Conviene acotar que, entre los audaces que iban a bailar con Muñeca, altos funcionarios de la administración pública bajaban de autos oscuros que destacaban su alto coturno, y, en autos escoltados por una nutrida guardia, llegaban, de uniforme, jefes de la policía y los comandos de los regimientos de las unidades militares de los alrededores de la capital, quienes, si bien coincidían en sus opiniones políticas, se disputaban los favores de Muñeca.

Más adelante, sorteando el prestigio del cine Fox (en la esquina de Paraguarí), Muñeca le dio la titularidad de El Gato Negro a un señor de apellido Recalde, que le cambió el nombre por La Campana; creo que el señor Recalde era un militar retirado que mudó el negocio a una casa de la esquina de Estados Unidos y –siempre– Teniente Fariña.

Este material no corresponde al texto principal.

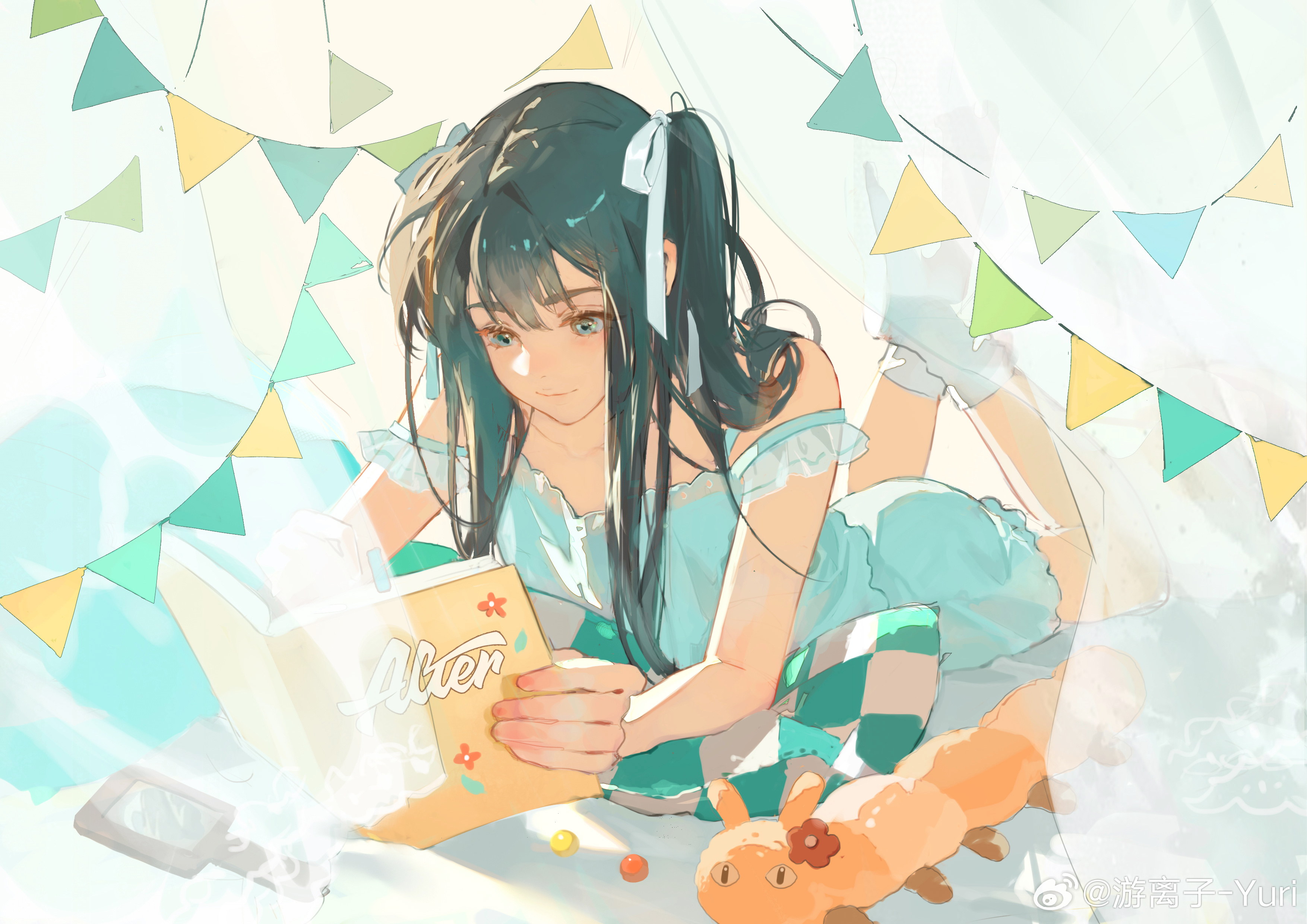 1girl absurdres bare_arms bare_shoulders black_hair blue_dress blue_eyes book bookmark caterpillar chinese_commentary closed_mouth commentary_request dress fingernails frilled_straps full_body hair_half_over_shoulder hair_ribbon hand_mirror highres holding holding_book legs_up lips long_hair lying mirror on_bed on_stomach open_book original pillow reading ribbon short_dress sleeveless sleeveless_dress smile socks solo strap_slip string_of_flags stuffed_animal stuffed_toy thick_eyebrows twintails watermark weibo_watermark white_ribbon white_socks youlizi-yuri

Lo que mudó de género gramatical y se llamó El Campana, si bien perdió el atractivo de su dueña, ganó la solidaridad de los excombatientes de la Guerra del Chaco, particularmente solidarios con su camarada, quien variaba el menú y los conjuntos musicales aunque no siempre se bailara en el recinto. Tengo entendido que en ese lugar aparecieron conjuntos «de primera», como el de los hermanos Larramendia, dirigido por Agustín «Rubito» Larramendia, y el maestro Alarcón, y también otro músico igualmente «maestro», el maestro Villalba.

Fueron muchos los años de brillo de las noches de Teniente Fariña y del uso del tranvía de la línea 2, cuyo último vagón circulaba hacia el centro a medianoche.

Después… La bohemia se mudó hacia barrio Pinozá. Los músicos paraban en Panuncio, llamado así en honor a su dueño, don Panuncio Espínola; ahí los noctámbulos enamorados los contrataban para llevar serenatas que empezaban siempre con el vals Desde el alma, de la santaniana Rosita da Silva Mello, cuya nacionalidad se disputaban los tres países del Río de la Plata. Más allá, ya casi en la cancha del Guaraní, funcionó durante mucho tiempo una parrillada que creo que se llamó al principio Aborigen, pero a cuyo dueño un traspié le obligó a buscar mejores horizontes más tarde, por lo cual pasó a llamarse El Fugitivo, nombre tomado de una de las primeras series pasadas por la televisión.

En la esquina de General Santos se instaló un oriental que, naturalmente, denominó a su parrillada El Chino. Era padre de varias hijas, y los basquetbolistas del Guaraní, cuyos nombres barajo después de más de sesenta años –los hermanos Sosa Gautier, la estrella de Cúcuta, José Emilio Gorostiaga, Alfredo «Coquito» Ré y otros miembros del Equipo Universitario, que, con «Neneco» Gómez Zelada a la cabeza, defendió los colores del legendario– paraban en El Chino a devorar los primeros panchos de la ciudad.

Pronto le hizo la competencia a Pinozá un cúmulo de parrilladas en la Avenida Quinta, y la pugna entre los recintos bohemios fue tremenda.

Esta ya es otra historia. La bohemia dejó de ser privativa de una calle o de un barrio. Hoy nos damos el lujo de cambiar de locales y de zonas hasta llegar al circuito «fifí» de Senador Long, y los años nos hacen olvidar el tránsito fugaz de estas actividades por la calle Teniente Fariña.